MadGraph5_aMC@NLO

MG5 jobs killing nodes?

Asked by Amin Aboubrahim on 2018-04-03

Hi Olivier,

After generating samples using gridpacks, I am showering them with Pythia through MG5 but I am facing a problem on the slurm cluster. The first few samples are showered quickly with each taking up 2 to 3 minutes, then at some point the jobs get stuck in the running state:

Pythia8 shower jobs: 0 Idle, 8 Running, 42 Done [1h37m37s]
Pythia8 shower jobs: 0 Idle, 8 Running, 42 Done [1h38m37s]
Pythia8 shower jobs: 0 Idle, 8 Running, 42 Done [1h39m37s]
Pythia8 shower jobs: 0 Idle, 8 Running, 42 Done [1h40m38s]
Pythia8 shower jobs: 0 Idle, 8 Running, 42 Done [1h41m38s]
Pythia8 shower jobs: 0 Idle, 8 Running, 42 Done [1h42m38s]
Pythia8 shower jobs: 0 Idle, 8 Running, 42 Done [1h43m38s]
Pythia8 shower jobs: 0 Idle, 8 Running, 42 Done [1h44m38s]
Pythia8 shower jobs: 0 Idle, 8 Running, 42 Done [1h45m39s]
Pythia8 shower jobs: 0 Idle, 8 Running, 42 Done [1h46m39s]
Pythia8 shower jobs: 0 Idle, 8 Running, 42 Done [1h47m39s]
Pythia8 shower jobs: 0 Idle, 8 Running, 42 Done [1h48m39s]
Pythia8 shower jobs: 0 Idle, 8 Running, 42 Done [1h49m39s]
Pythia8 shower jobs: 0 Idle, 8 Running, 42 Done [1h50m39s]
Pythia8 shower jobs: 0 Idle, 8 Running, 42 Done [1h51m40s]
Pythia8 shower jobs: 0 Idle, 8 Running, 42 Done [1h52m40s]

If I try to cancel, they remain stuck in CG state. The remaining 8 jobs are all on the same node and I cannot ssh into that node. The cluster admin report that the node is dead. A trace on the processes associated with the jobs showed them to be in a waiting state. df (the disk utilization utility) would hang upon getting data from an NFS-mounted partition. lsof (list open files) could not get anything out of the processes associated with the jobs. Based on that the guess was that the different steps of the jobs may be in competition with each other for the same file or inode and their contention may be hanging access to the file system on the node that they're on.
The only solution so far is to drain and reboot the node. But the problem comes back again after a while.

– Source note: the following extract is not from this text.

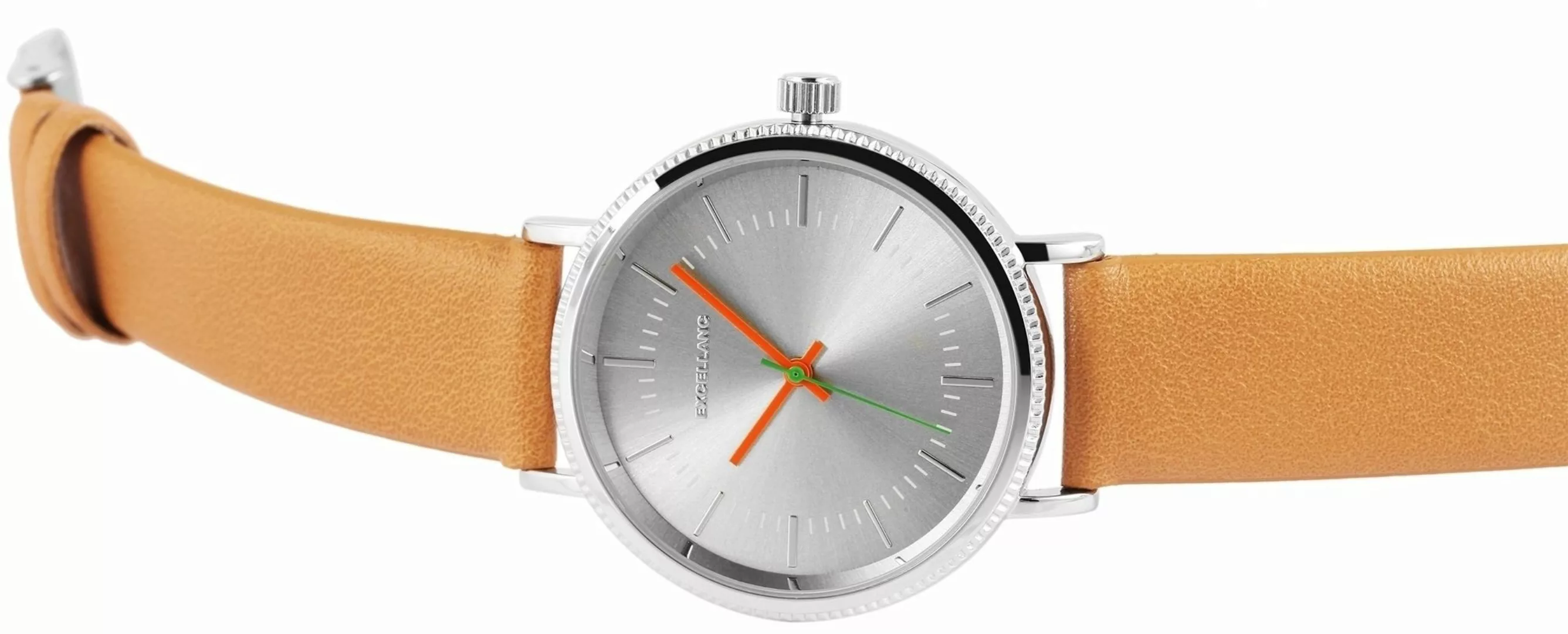 Excellanc Quarzuhr 2900110 Excellanc Herrenuhr mit günstig online kaufen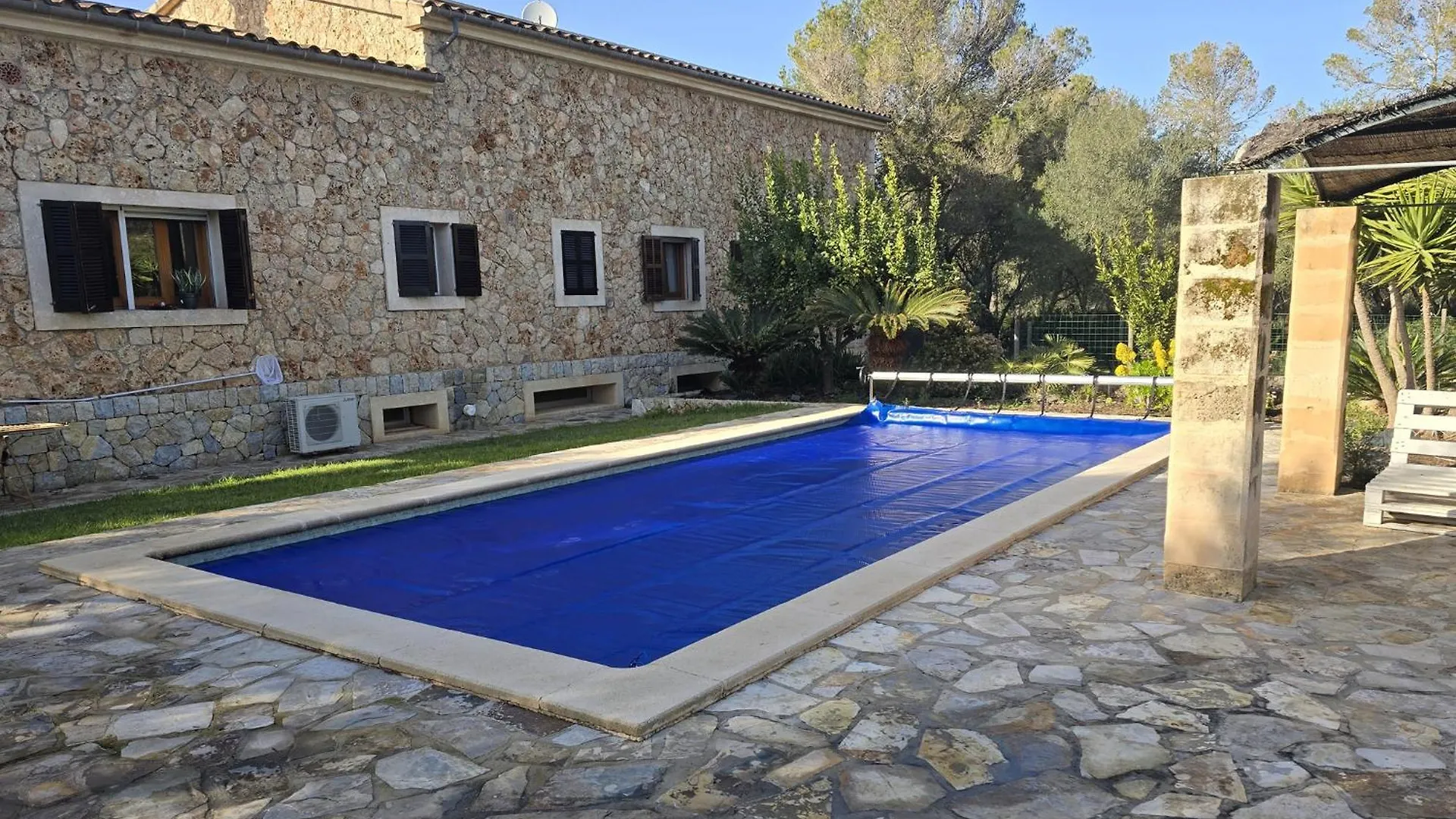 Finca Isabel Y Guillermo Con Posibilidad De Piscina Climatizada Sineu  0*, Sineu (Mallorca) Spanje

Do you have an idea of what's happening?

Thank you,
Amin

Question information

Language:: English Edit question

Status:: Solved

For:: MadGraph5_aMC@NLO Edit question

Assignee:: No assignee Edit question

Solved by:: Olivier Mattelaer

Solved:: 2018-04-05

Last query:: 2018-04-05

Last reply:: 2018-04-05

Link existing bug

Revision history for this message

Olivier Mattelaer (olivier-mattelaer) said on 2018-04-04:

Hi,

I have checked the code for pythia8 and
1) the lhe file is first split in N (in your case N=50) smaller lhe file
2) N PY8_card are created one for each run.
3) each of them are running in their own directory.

So from what I see, everything is done to avoid that two job read the same file.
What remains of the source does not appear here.